What with CNet rating Vista as one of the ten worst tech products of all time (along with the C5,  Atari Jaguar and the Amstrad em@iler), sales of Vista massively down on XP,  grumbles about WPA, moans about poor performance that SP1 won’t solve, five year old bugs coming back to haunt you and the recommended minimum memory for Vista being more than for Windows for Supercomputers,  I’d suggest that if you own shares in Microsoft, now would be the time to sell them, before things get any worse.

So if I were in charge of policy at Microsoft?  It’s quite simple.  I’d be round to the DirectX and SP1 developers with a big stick with a nail through it and a pile of old games.  Then I’d – shall we say suggest? – that until these don’t run, their work ain’t done.

Busses? Yeah, we’ve heard of them

Monday, November 26th, 2007

I’ve just been planning a journey for next week, and have been struck by the difficulty of actually planning it online.  Bus companies produce timetables, and they have them online, right?

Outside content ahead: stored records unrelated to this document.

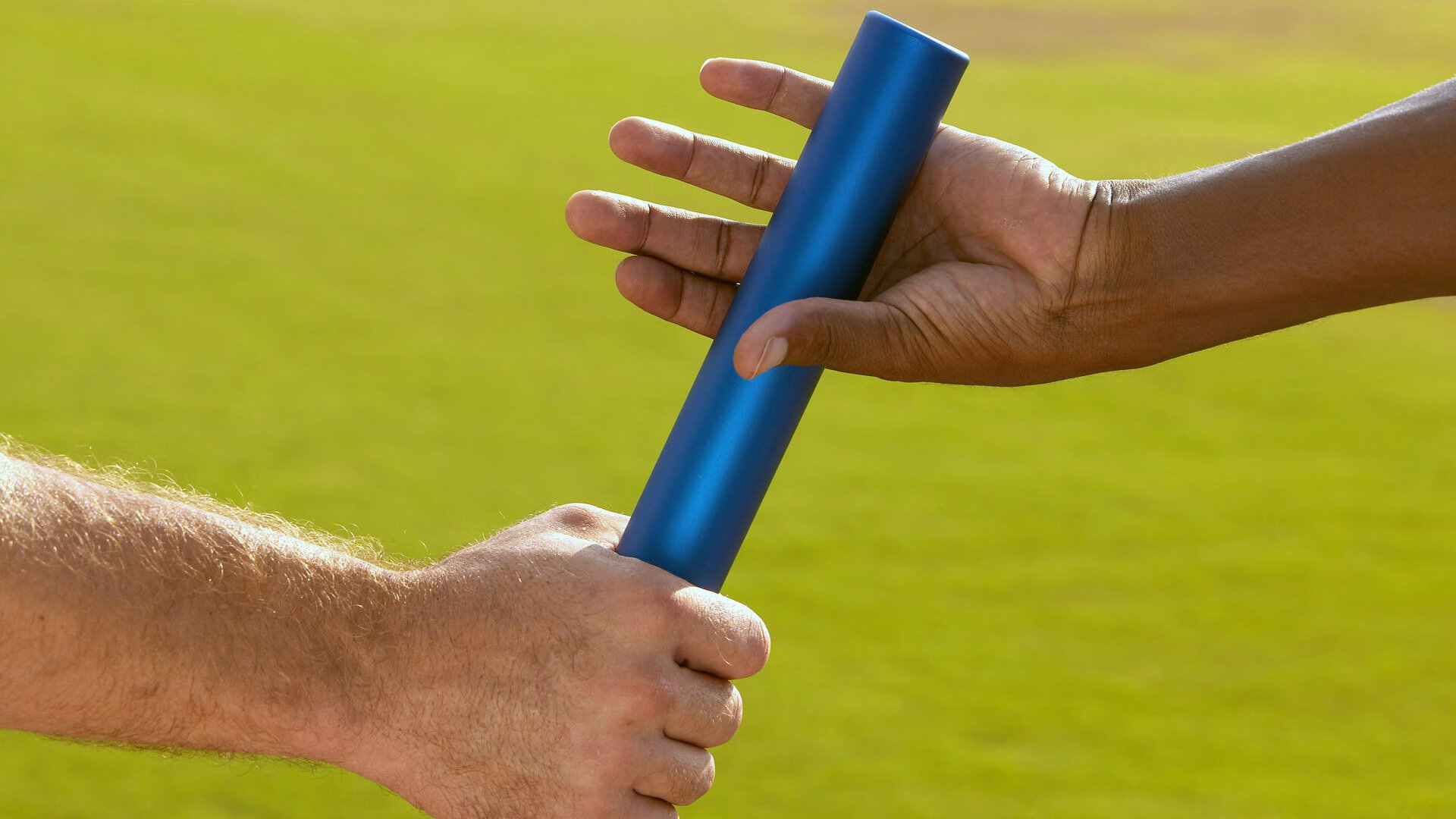 足球联赛年度总结分析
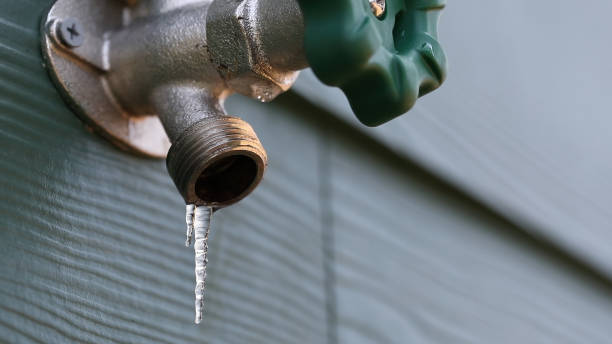 Best Water Heater Repair  in Lena, IL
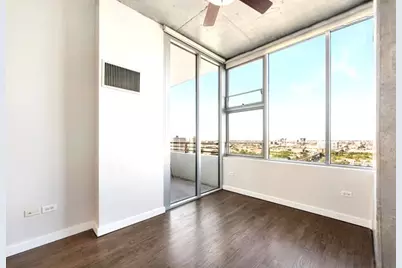 1720 S Michigan Avenue #1712, Chicago, IL 60616 - Photo 11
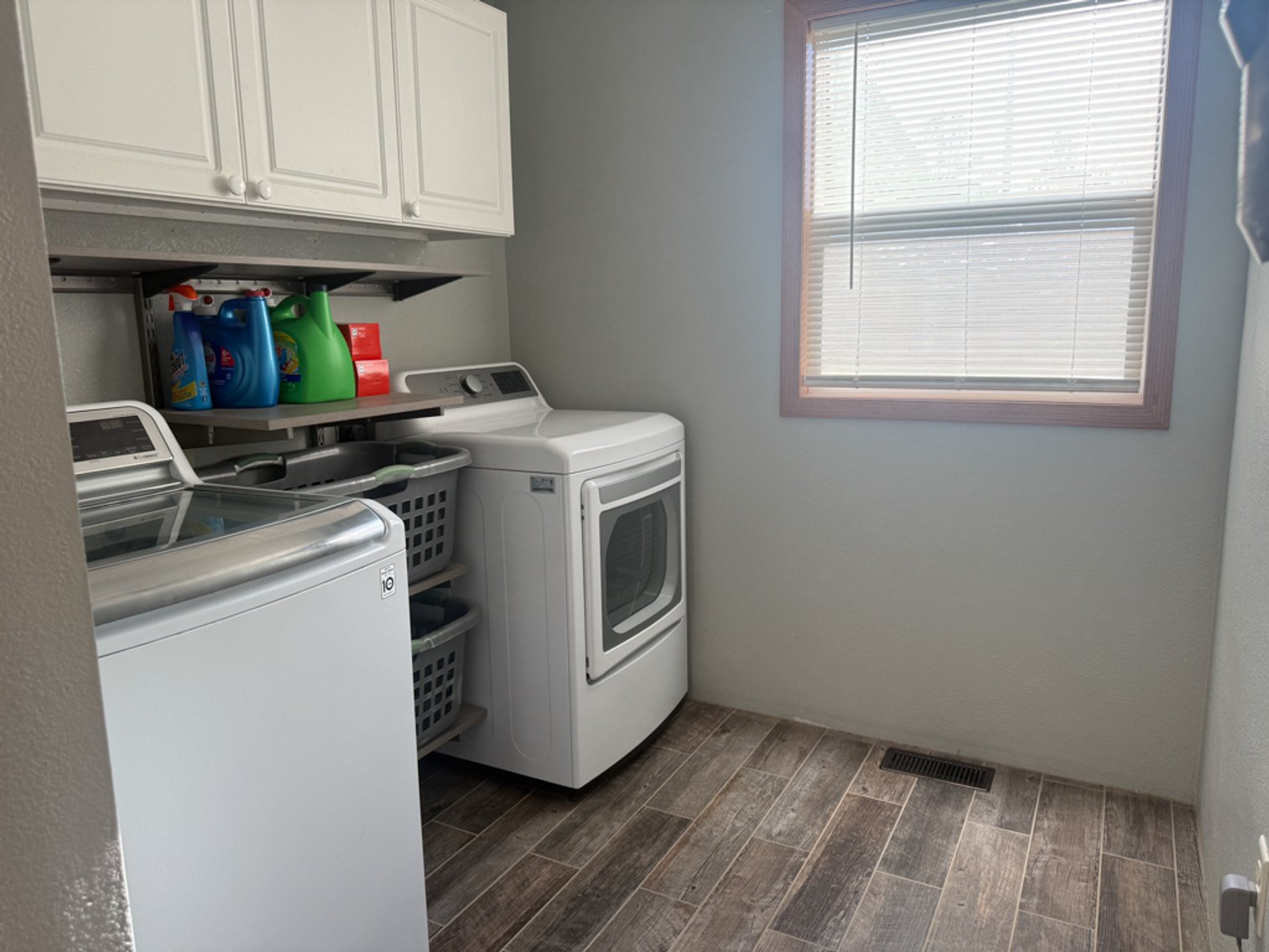Image for 208 Pierson Avenue, Sac City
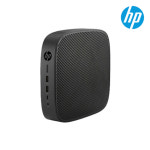 [476] HP 미니pc HP t640 Thin Client : 홍키컴
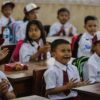Pendaftaran Siswa Baru di Kota Kupang Mulai 17 Juni, DPRD Ingatkan Jangan Ada Pungutan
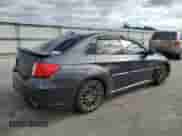 2014 Subaru WRX WRX with VIN JF1GV7E69EG014120, listed as a Copart auction lot 86124925 with 143,796 mi miles and Salvage title. Bid and sale history available at DreamBid. Image 3.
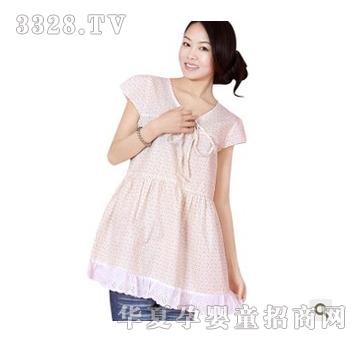 ����¿��n��ߙn��a�ЋDȹ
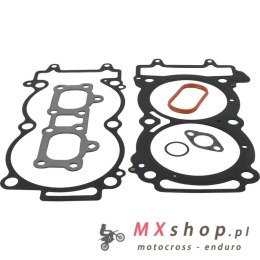 CYLINDER WORKS USZCZELKI TOP-END POLARIS ACE 900 EPS '16, ACE 900 EPS XC '17-'19, GENERAL 1000 EPS '16-'19, RANGER 1000 EPS '18-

Well, the ones I was looking at were in my pet hate for this sort of thing: PDF.   Compared to a database based solution like the National Rail Enquiries website it’s unsearchable, unusable and just plain irritating.  Surely the data that was used to create these timetables can be loaded into a database somewhere and used to plan journeys?  You’d think so, wouldn’t you…

Eventually I had to phone up, and they obviously checked a database right then and there and told me the service I needed (which wasn’t in the slightest bit obvious from the website).  So it would seem to me that they have an application that already does that somewhere, don’t they?

So, if someone wants a really nice idea for a business, here you go: an online journey planner using public transport.  One that actually works.  Enter your start location and  end location, and it should look at bus, train and tram timetables to work out exactly what transport you should catch and when.

Of course, nobody is actually going to do this unless it’s government: there’s just not enough money in it.  So, sadly, unless governments across the world get their acts together (very unlikely), you’re never going to see this sort of thing happen, at least not in the near future.

Which is a pity, because if we’re going to do anything about the very scary prospects raised in the recent IPCC report on the subject, we need to be promoting public transport as not only an affordable alternative to using your car (which generally it isn’t, if you do the sums) as well as a cleaner alternative.